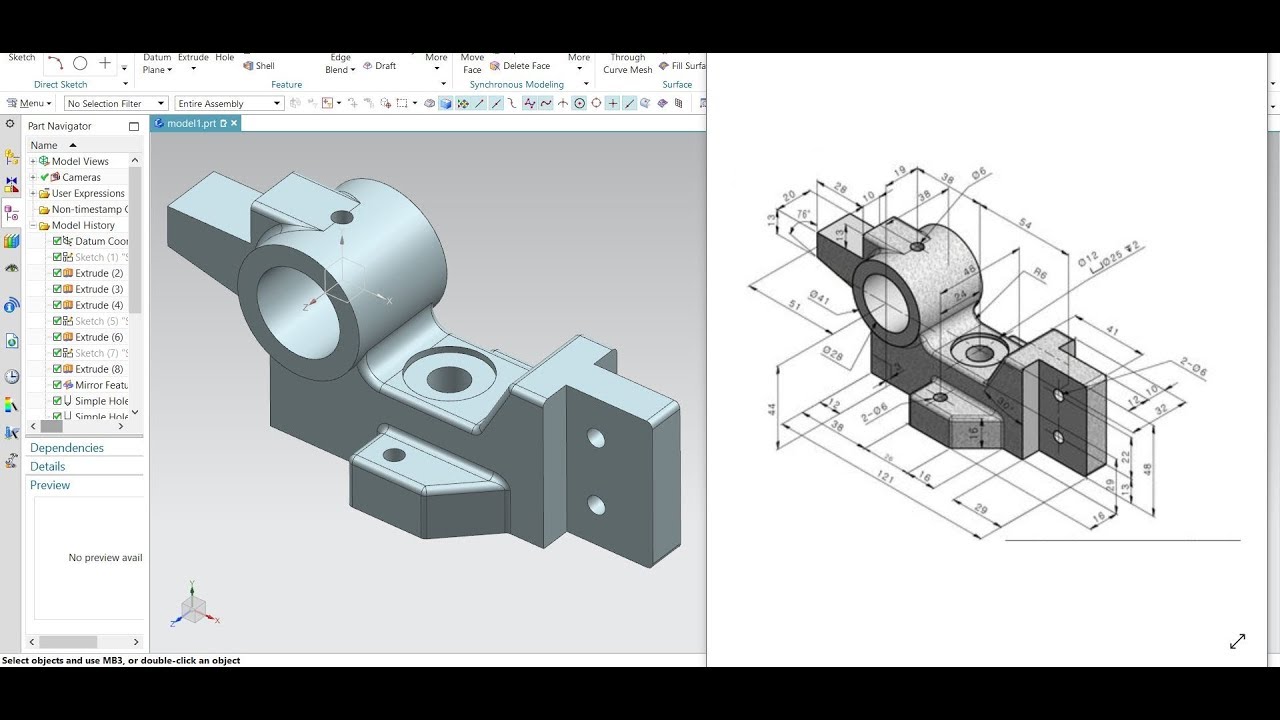 autocad 3d cơ khí nâng cao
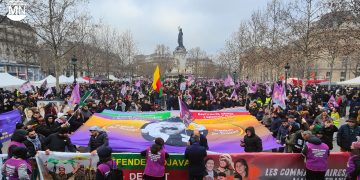 Paris march demands justice for murdered Kurdish women twelve years on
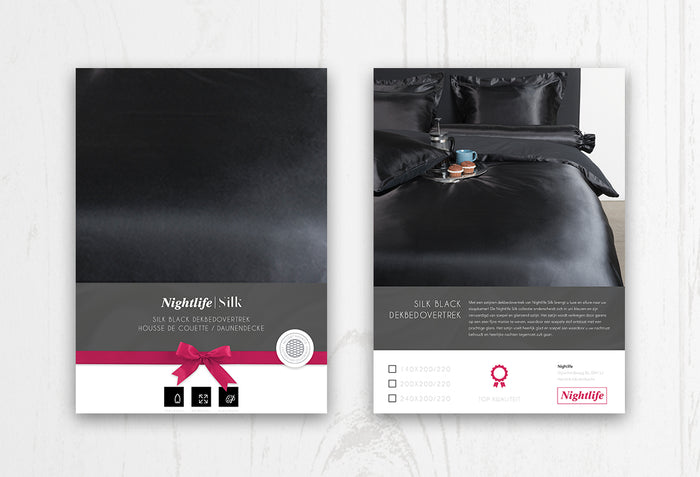 Y-NOT Satijn Uni Dekbedovertrek 200 x 220 cm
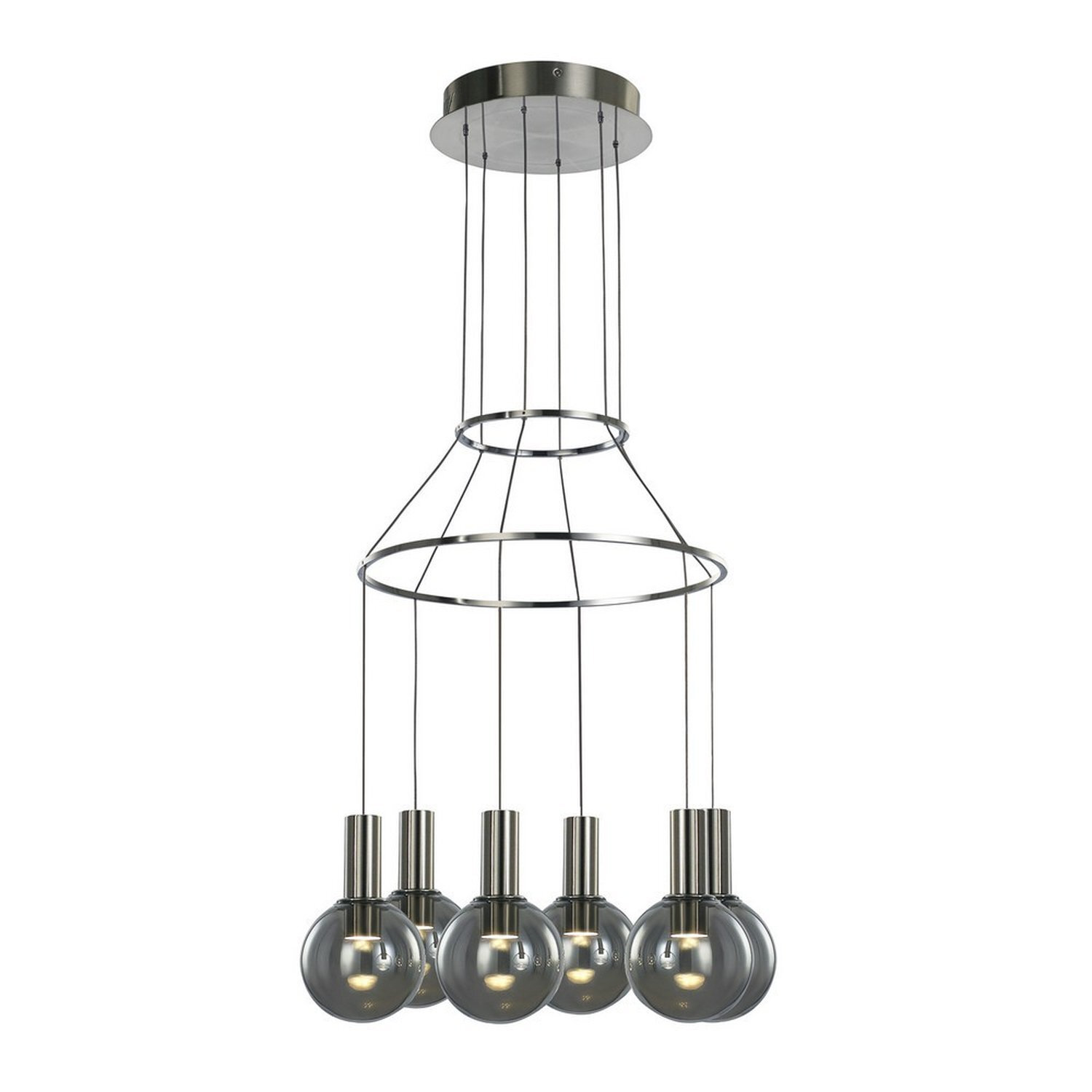 Italux Lighting Modern Pendant Light Chrome F - Chrome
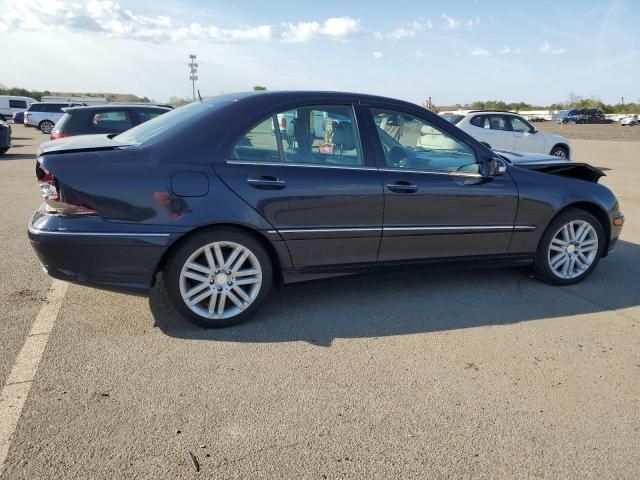 2005 Mercedes-Benz C 320 4matic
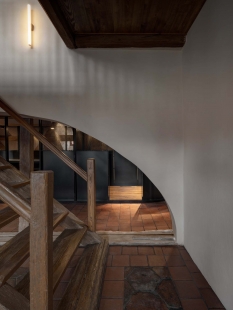 Reconstruction of the attic of the Tuscan Palace - foto: Tomáš Dittrich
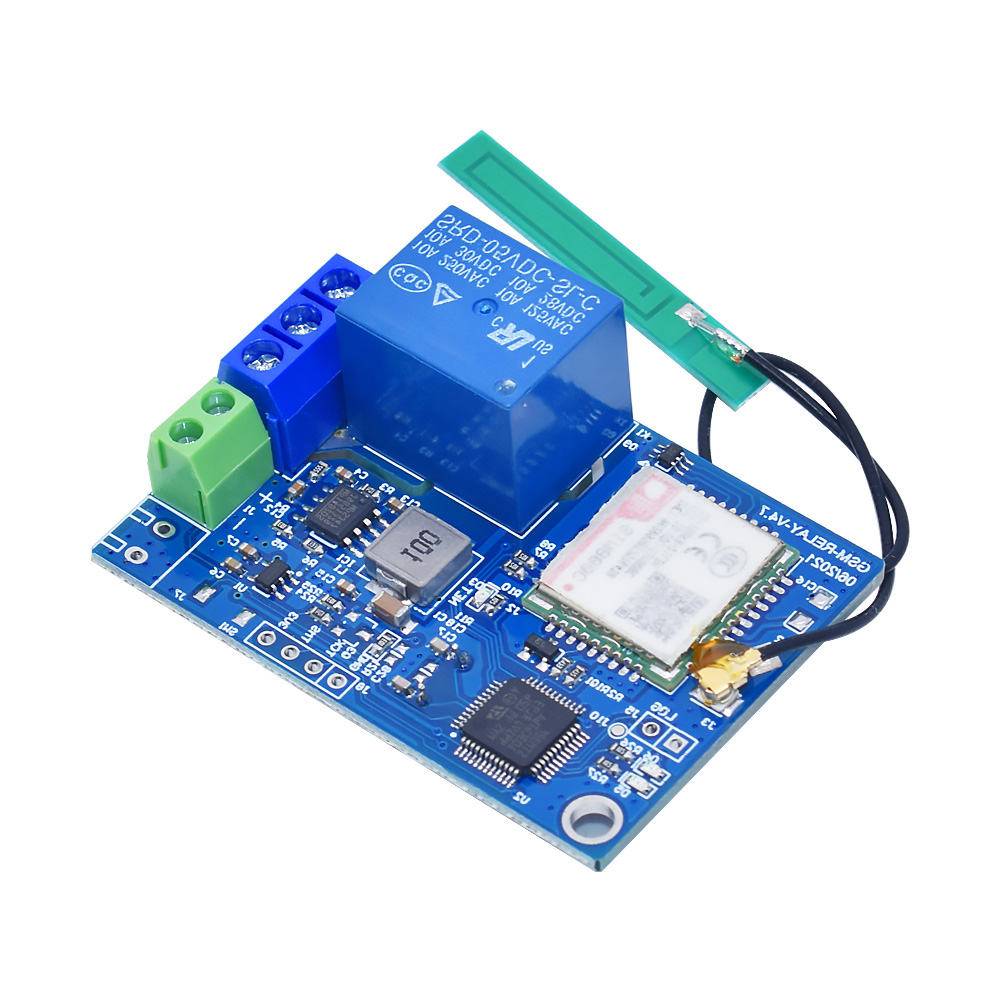 1/2 Channel Relay Module Sms G - Smart Garden Greenhouse ulasan dan harga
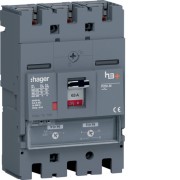 Disj.h3+P250 TM 3x63A 50kA - APPAREILLAGE DE TETE  HAGER HMT063DR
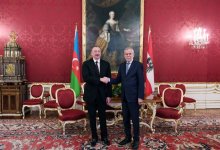 President Ilham Aliyev meets with Austrian Federal President Alexander Van der Bellen (PHOTO)
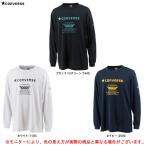 ◆メール便対応商品◆CONVERSE（コンバース）プリントロングスリーブシャツ（CB222357L）バスケットボール スポーツ トレーニング バスケ ウェア 長袖 メンズ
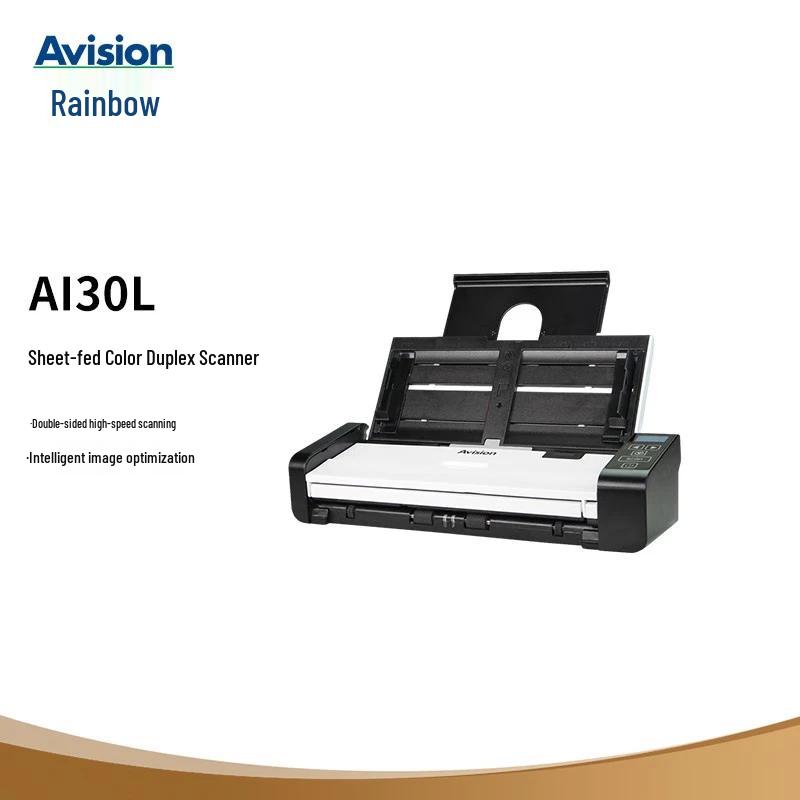 Avision AI30L A4 Portable Duplex Color Scanner CN plug (adapter included)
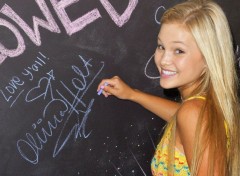  Clbrits Femme Olivia Holt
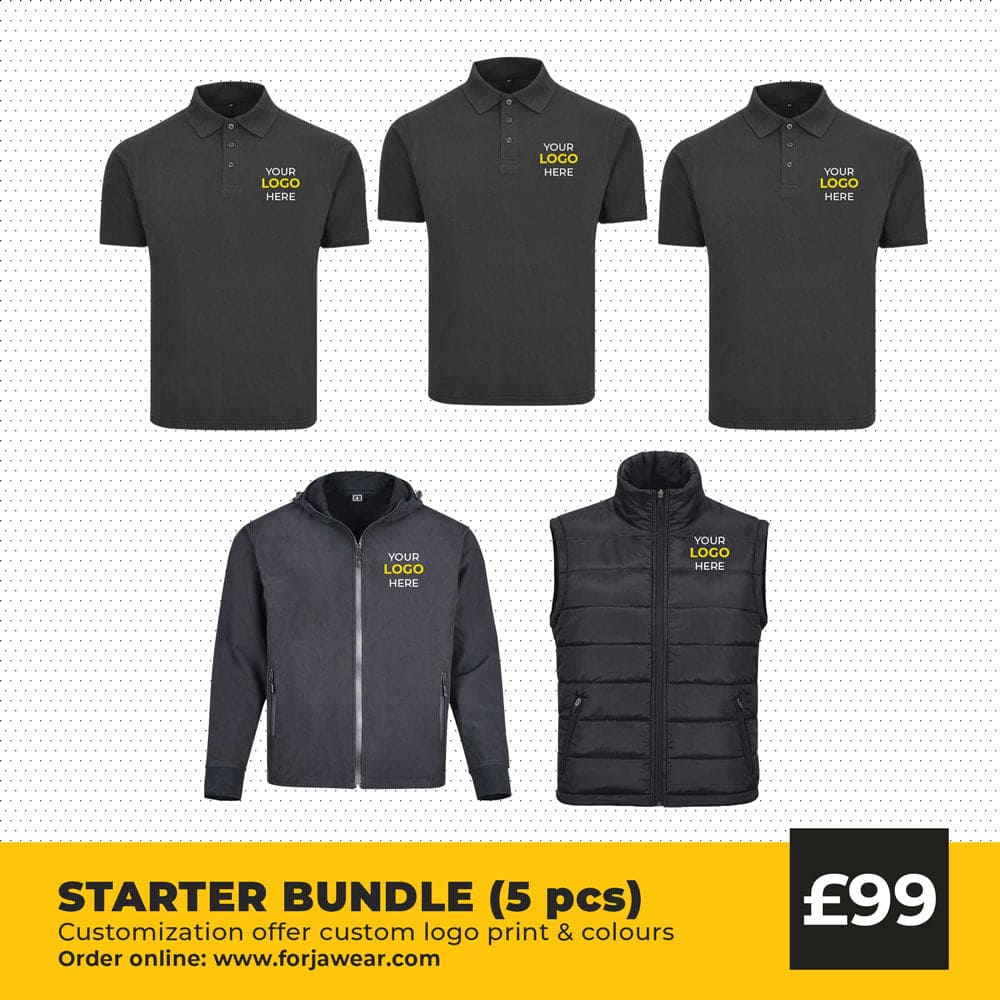 Forja Starter Workwear Bundle - Sizes S-XXL Forja Wears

+++++

▶ **Your goal**
The copy should hold exactly the lines from the line containing "Clbrits Femme Olivia Holt" through the end of the data, both ends included, and no pictures.

▶ **Worked solution**
  Clbrits Femme Olivia Holt
 Forja Starter Workwear Bundle - Sizes S-XXL Forja Wears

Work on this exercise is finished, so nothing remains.